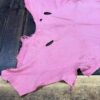 IMG_2070 Pink leather piece with irregular edges.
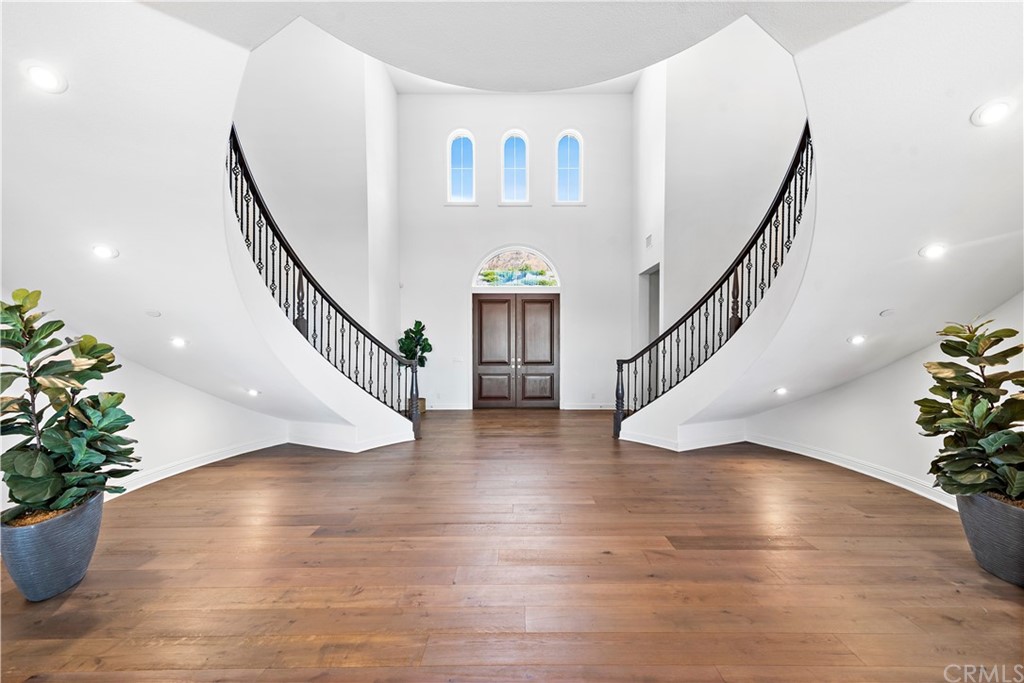 186 Leafy Pass Irvine, CA 92602 - Photo 9 of 59 a view of entryway and hall with wooden floor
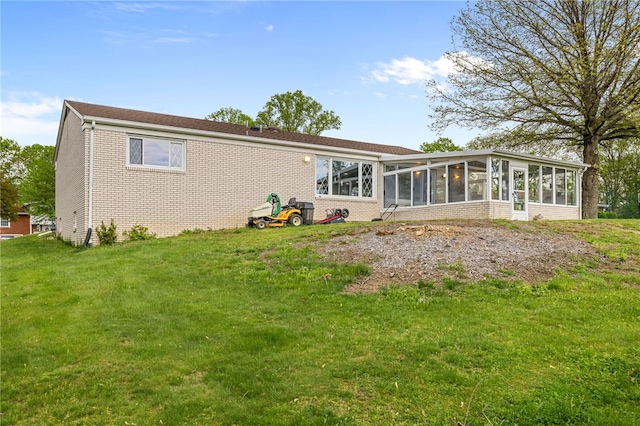 back of property with a sunroom, brick siding, and a yard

§ Problem
Copy nothing but the lines above from the one with "186 Leafy Pass" through the end of the material, word for word, and drop the pictures.

§ Problem solution
 186 Leafy Pass Irvine, CA 92602 - Photo 9 of 59 a view of entryway and hall with wooden floor
 back of property with a sunroom, brick siding, and a yard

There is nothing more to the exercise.